Throughout his 2024 campaign, President Donald Trump pledged to reverse former President Joe Biden’s immigration policies and secure the southern border. Trump has followed through on some of his promises yet has simultaneously ignored foundational American principles in the process. In his second inaugural address, given last January, Trump declared a “national emergency at our southern border,” vowing to transport “millions and millions of criminal aliens back to the places from which they came.” However, in this same address, Trump promised not only to invoke the Alien Enemies Act of 1798, facilitating the unconstitutional deportation of thousands, but also to send troops to the southern border, foreshadowing a darker reality where ICE, Border Patrol and the National Guard alike have carried out violent and discriminatory practices in major American cities.
The Invocation of the Alien Enemies Act of 1798
During his second inaugural address, Trump explained his plan to invoke the Alien Enemies Act of 1798 as a part of the administration’s broader immigration agenda. Signed into law by President John Adams, the act states that when the U.S.’s security is threatened, dangerous, unnaturalized inhabitants of the United States can be “apprehended” and “removed” by the U.S. government. The act has only been invoked three times: during the War of 1812, World War I and World War II. The most scrutinized invocation came during World War II, which resulted in the dark period of Japanese internment, during which approximately 120,000 American residents of Japanese descent were forced into concentration camps.

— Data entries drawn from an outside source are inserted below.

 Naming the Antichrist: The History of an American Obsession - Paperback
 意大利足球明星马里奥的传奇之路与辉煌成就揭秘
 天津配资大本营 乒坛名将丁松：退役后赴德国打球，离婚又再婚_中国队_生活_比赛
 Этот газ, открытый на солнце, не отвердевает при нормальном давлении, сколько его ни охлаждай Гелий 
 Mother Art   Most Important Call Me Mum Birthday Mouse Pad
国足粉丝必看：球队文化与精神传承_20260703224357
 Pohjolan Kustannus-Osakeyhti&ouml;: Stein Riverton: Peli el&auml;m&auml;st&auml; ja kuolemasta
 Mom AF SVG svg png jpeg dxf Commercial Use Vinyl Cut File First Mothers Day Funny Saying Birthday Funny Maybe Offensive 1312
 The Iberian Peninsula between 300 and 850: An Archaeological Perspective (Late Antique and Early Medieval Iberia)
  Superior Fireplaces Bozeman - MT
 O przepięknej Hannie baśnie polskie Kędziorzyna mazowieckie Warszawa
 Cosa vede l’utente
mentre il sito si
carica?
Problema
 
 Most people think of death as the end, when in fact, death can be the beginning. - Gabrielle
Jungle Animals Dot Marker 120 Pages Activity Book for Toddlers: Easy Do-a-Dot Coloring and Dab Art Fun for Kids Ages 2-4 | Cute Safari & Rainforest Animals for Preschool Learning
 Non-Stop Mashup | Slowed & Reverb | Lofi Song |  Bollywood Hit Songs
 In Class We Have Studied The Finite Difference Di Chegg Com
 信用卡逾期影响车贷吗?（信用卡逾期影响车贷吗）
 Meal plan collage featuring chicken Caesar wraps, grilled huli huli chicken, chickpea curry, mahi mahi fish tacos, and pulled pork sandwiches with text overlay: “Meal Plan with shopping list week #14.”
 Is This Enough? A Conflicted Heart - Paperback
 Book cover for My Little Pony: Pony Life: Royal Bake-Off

While the policy of Japanese internment constituted an extreme reaction to the bombing of Pearl Harbor and the conflict between the U.S. and Imperial Japan, the current issue of immigration does not pose a comparably serious threat. Trump did call the immigration crisis a “national emergency” in his second inaugural address, but migration itself does not place the nation in imminent danger the way a foreign military attack does. And while the act does allow for certain groups to be apprehended in cases of “invasion” or “predatory incursion,” the fact that migrants don’t fit the criterion of a “foreign nation or government” illegitimizes this justification.
Trump already invoked this act this past March as a part of his plan to deport over 100 Venezuelan gang members. In response, judges from Texas, New York, and Colorado have ruled on the unconstitutionality of Trump’s use of the law in this context, though the Supreme Court validated Trump’s invocation of the act as long as the alleged gang members were awarded the right to a fair trial. However, it later ruled that the White House should temporarily refrain from this activity following legal reports that immigrants had been imprisoned without due process, which is promised under the Fifth Amendment. So not only does Trump’s invocation of the Alien Enemies Act of 1798 appear unnecessary due to the lack of a serious threat being posed against the United States, but it has also encouraged the White House to undertake unconstitutional and morally questionable homeland security measures.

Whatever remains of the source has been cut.